Excerpted data:

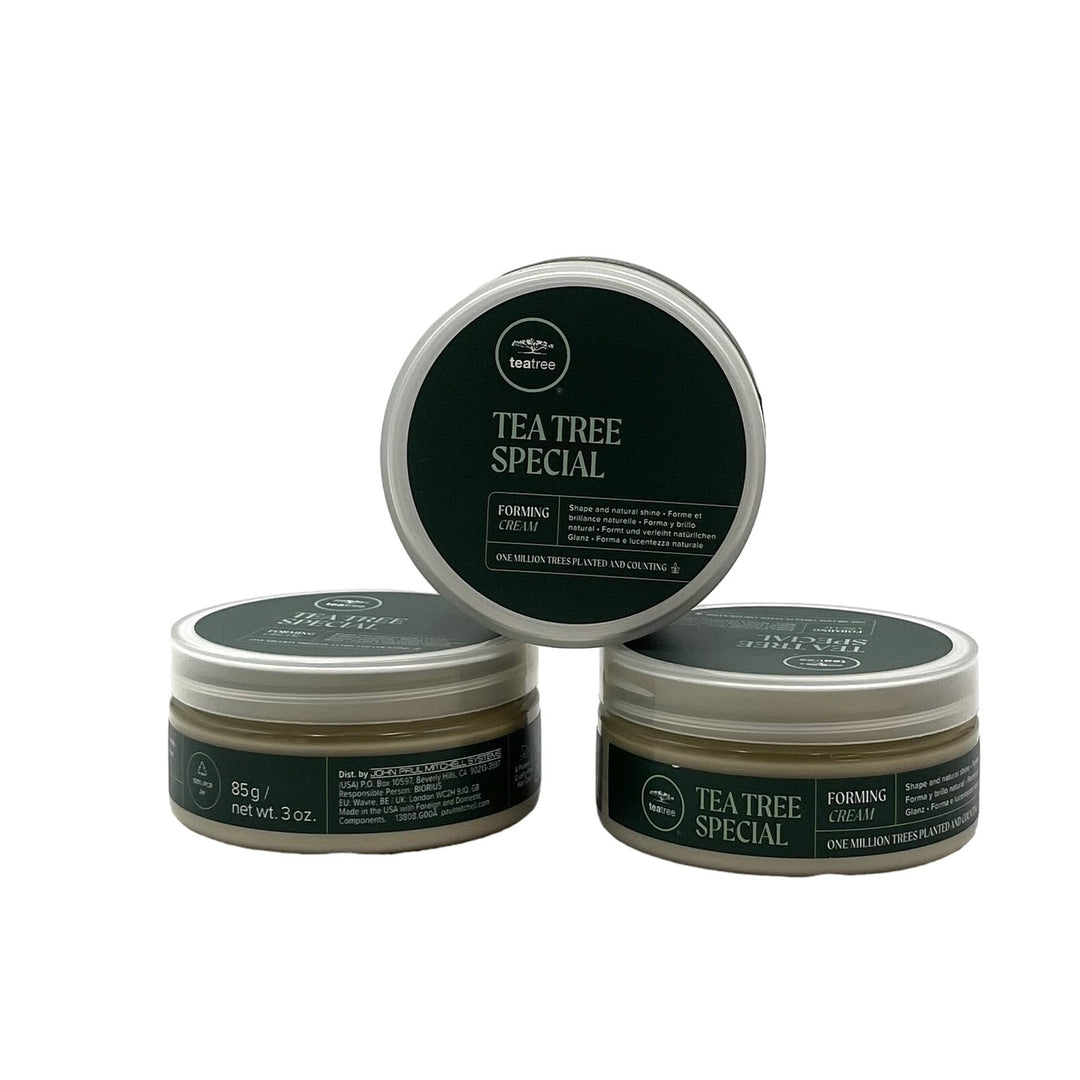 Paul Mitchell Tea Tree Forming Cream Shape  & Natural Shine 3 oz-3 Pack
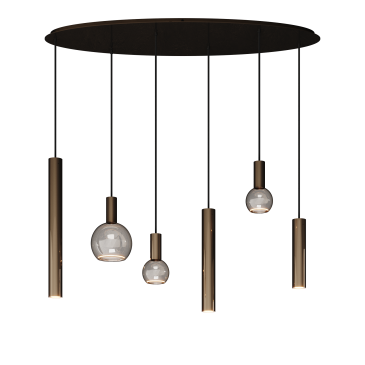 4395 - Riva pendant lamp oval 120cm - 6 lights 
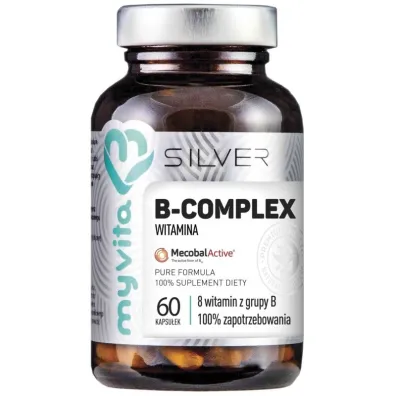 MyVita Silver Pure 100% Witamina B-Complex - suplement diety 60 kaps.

...

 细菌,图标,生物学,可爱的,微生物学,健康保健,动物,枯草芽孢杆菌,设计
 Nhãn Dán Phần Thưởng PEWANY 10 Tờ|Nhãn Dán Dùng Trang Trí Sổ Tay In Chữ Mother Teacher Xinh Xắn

Task: Reproduce, word for word, only the lines in the records above from the line with "Paul Mitchell Tea" through the line with "MyVita Silver Pure", including both ends; omit the pictures.

Output below:
 Paul Mitchell Tea Tree Forming Cream Shape  & Natural Shine 3 oz-3 Pack
 4395 - Riva pendant lamp oval 120cm - 6 lights 
 MyVita Silver Pure 100% Witamina B-Complex - suplement diety 60 kaps.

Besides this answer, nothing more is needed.